Acquiring Wind River and customers including Siemens, Bosch and Boeing seemed shrewd with the growing focus on the Internet of Things. But Wind River, which mostly operated as an independent subsidiary after the deal, never seemed to mesh with its parent company. Intel only fully integrated the business into its Internet of Things group in 2016.

Part of the reason could be that Wind River’s VxWorks operating systems support not only Intel’s processors but also rival architectures like ARM and MIPS. The company also provides embedded versions of Linux, putting it in competition with Microsoft, and the Helix device cloud, which allows hundreds or thousands of devices and systems to be monitored from the cloud.

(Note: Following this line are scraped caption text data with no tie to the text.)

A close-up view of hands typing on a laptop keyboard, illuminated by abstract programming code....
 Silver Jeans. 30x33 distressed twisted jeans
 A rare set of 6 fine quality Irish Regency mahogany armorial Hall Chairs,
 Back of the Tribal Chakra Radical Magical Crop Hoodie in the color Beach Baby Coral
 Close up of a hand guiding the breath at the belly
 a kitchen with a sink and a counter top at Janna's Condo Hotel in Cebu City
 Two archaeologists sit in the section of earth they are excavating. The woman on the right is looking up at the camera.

The other reason could be that the Wind River deal was pushed through by Intel's previous executive team, which had several unsuccessful forays into software. For instance, the company acquired McAfee for $7.7 billion eight years ago, but it eventually divested a majority stake in its cybersecurity business, which grew out of McAfee, in a transaction valued at around $4.2 billion. 

Intel has targeted the automotive and industrial markets with renewed vigor in recent years as the growth of its personal computer business has flagged. Wind River has also expanded its software for connected cars. In 2016, the company acquired Arynga, which develops solutions for wirelessly and securely updating software and firmware in cars.

That gave Wind River more software to package together for electronic control units that manage dashboard displays or automatic braking. But the divestment of Wind River could signal that the subsidiary – the largest vendor of embedded software by market share – never gave a sufficient boost to Intel's Internet of Things hardware business.

“This move is designed to sharpen our focus on growth opportunities that align to Intel’s data-centric strategy,” said Tom Lantzsch, senior vice president of Intel’s Internet of Things Group, in a statement. “Wind River will remain an important ecosystem partner, and we will continue to collaborate on critical software-defined infrastructure opportunities.”